There are many software out there….
You can track and manage documents you’ve sent for e-signing by going to the Home view and selecting For Signature under shared. You’ll see a list of all documents pending signature, all signed documents, and an activity audit trail. The receiver doesn’t need to create an account for signing.
On your DocuSign home screen, the overview tab will show you at-a-glance just how many documents are waiting for action to be taken. From there, you can take a deeper dive into individual envelopes so that, if needed, you can follow up on customers with complete clarity. A DocuSign envelope is like a sophisticated, digital version of that courier’s envelope – containing recipient information, documents, document fields, and timestamps that indicate delivery progress. They also contain information about the sender, security and authentication information. The receiver doesn’t need to create and account for signing.
The above two software has pretty much similar function and system. So how do we choose ?
It can be the planning prices. It can be what is most priority for you?

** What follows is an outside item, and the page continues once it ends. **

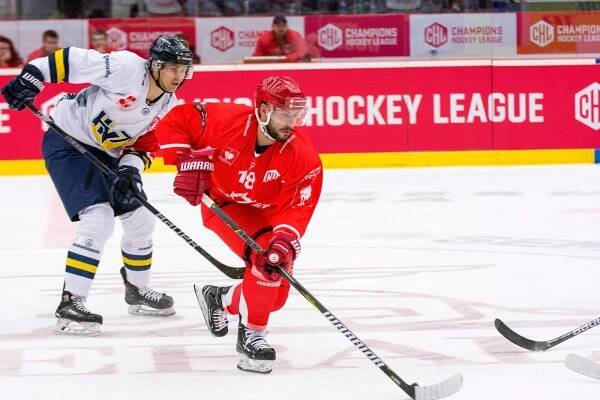 Živě: Češi bojovali o finále Ligy mistrů, Třinec padl po nájezdech, Liberec prohrál vysoko 1:6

This is what was suggested…
Adobe Sign for SMBs
If you’re just looking for a simple e-signature solution for your business, Adobe Sign is a little more expensive than DocuSign at the mid-range but gives you everything you need to sign and send business documents.
DocuSign for Enterprise
If your company size dictates that you’ll need a large number of users to send PDFs or integrate with multiple pieces of software, DocuSign can scale with your business with a full battery of features and support options.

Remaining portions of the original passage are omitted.